Dataset excerpts Block Start
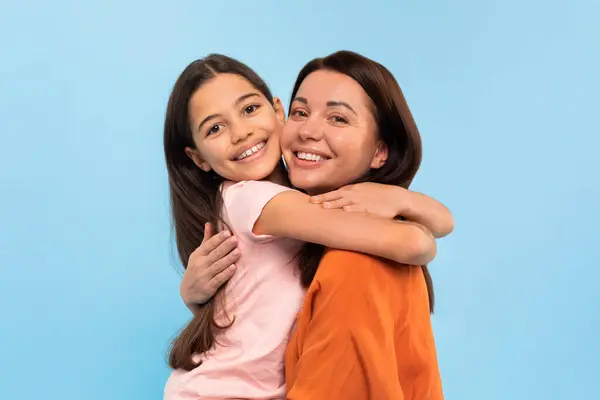 Portrait Smiling Young Mother Cute Preteen Daughter Embracing While Posing — Stock Photo, Image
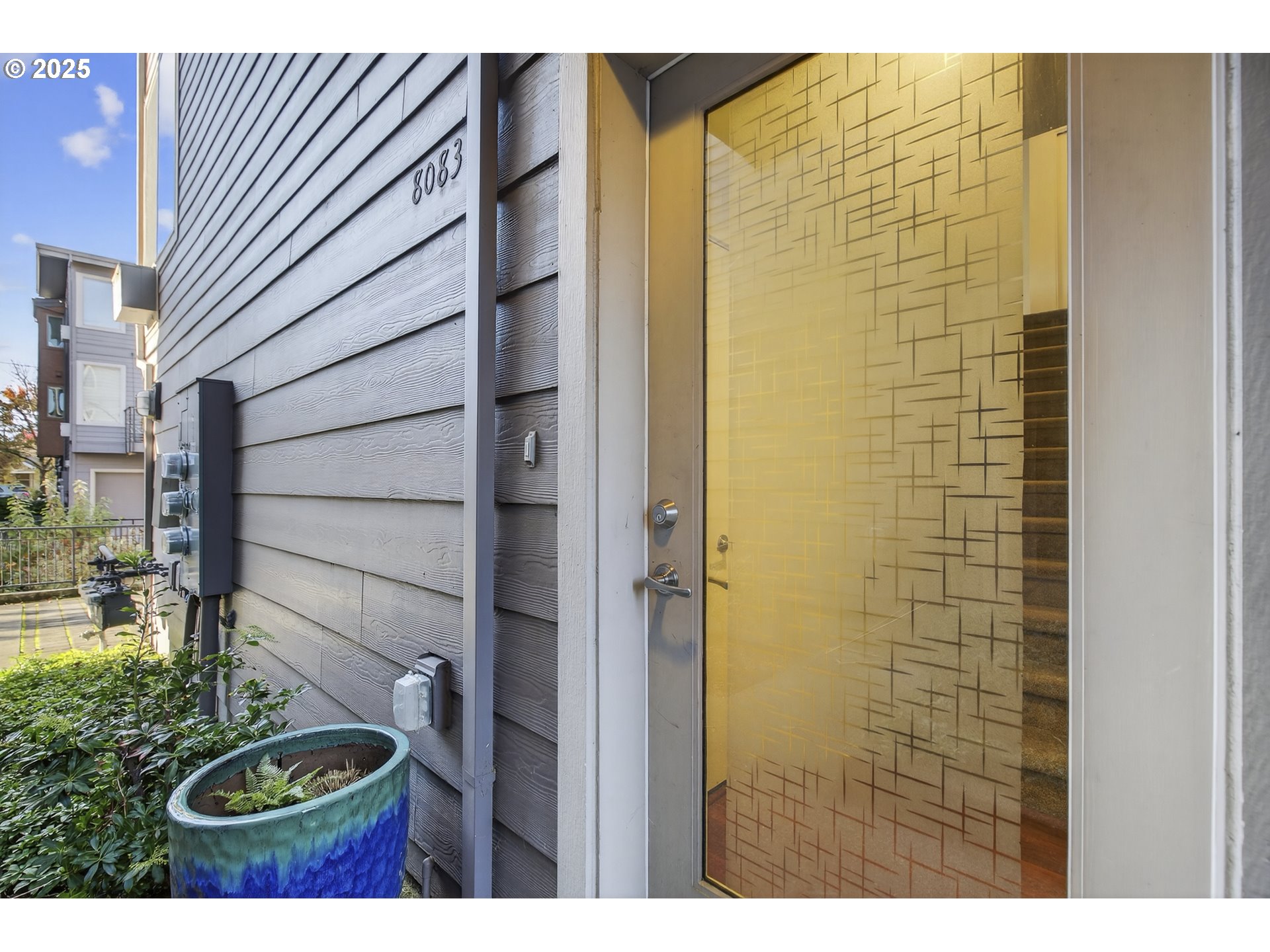 8083 North Leavitt Avenue Portland, OR 97203 - Photo 3 of 34 a view of entryway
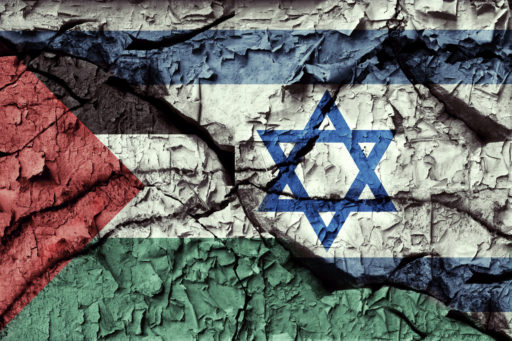 Drapeaux de la Palestine et d'Israël peints sur un mur fissuré.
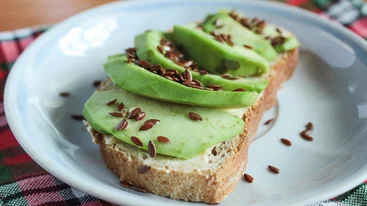 Λιναρόσπορος: 6 λόγοι για να τον προσθέσεις στα γεύματά σου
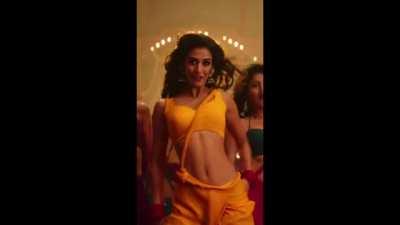 Disha Patani is so fucking sexy!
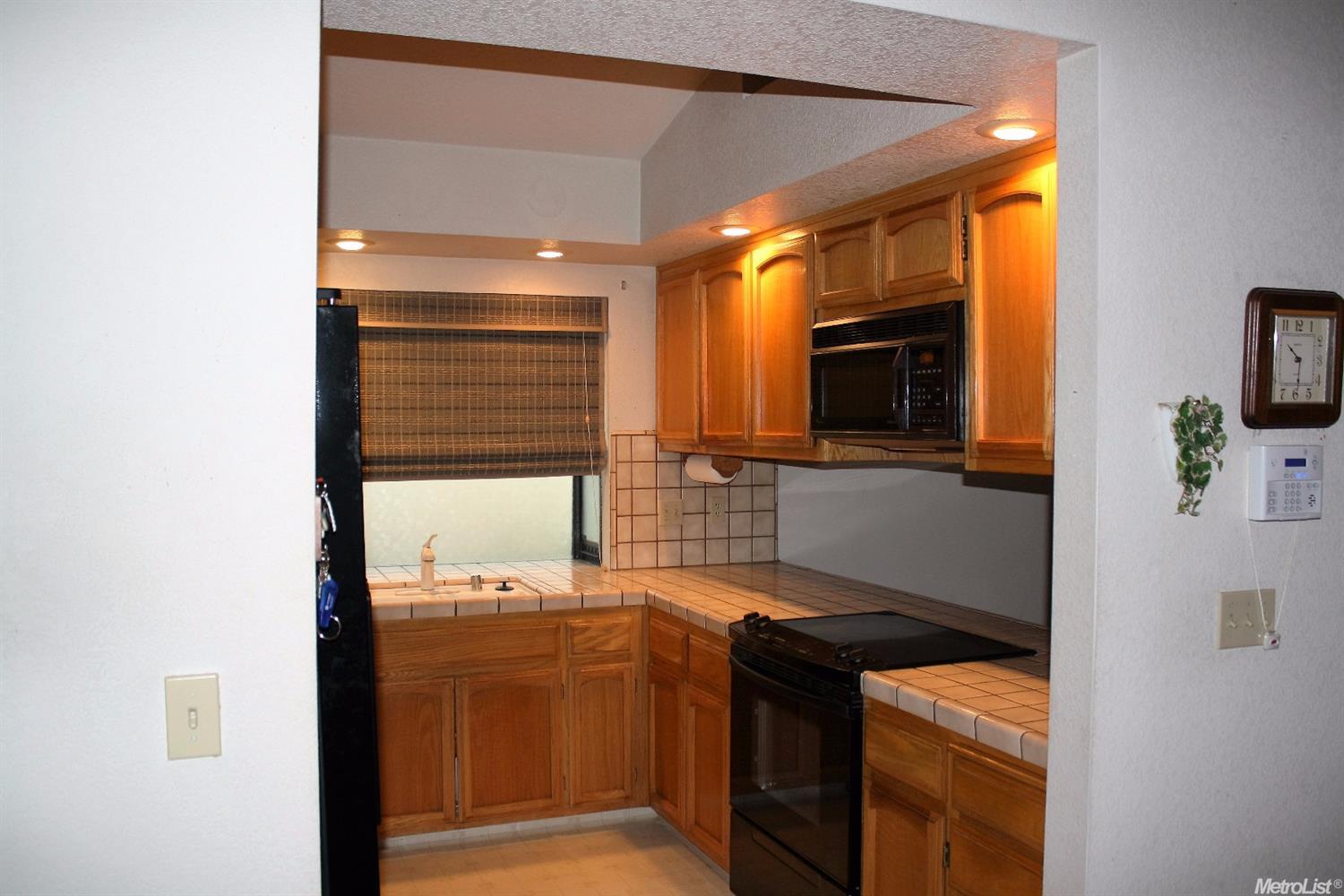 1317 Riverette Dr, Modesto, CA 95351 photo 4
Dataset excerpts Block End
■ **Work to be completed**: When you copy the data, keep every line exact and leave out each picture.

■ **Solution to the exercise**:
 Portrait Smiling Young Mother Cute Preteen Daughter Embracing While Posing — Stock Photo, Image
 8083 North Leavitt Avenue Portland, OR 97203 - Photo 3 of 34 a view of entryway
 Drapeaux de la Palestine et d'Israël peints sur un mur fissuré.
 Λιναρόσπορος: 6 λόγοι για να τον προσθέσεις στα γεύματά σου
 Disha Patani is so fucking sexy!
 1317 Riverette Dr, Modesto, CA 95351 photo 4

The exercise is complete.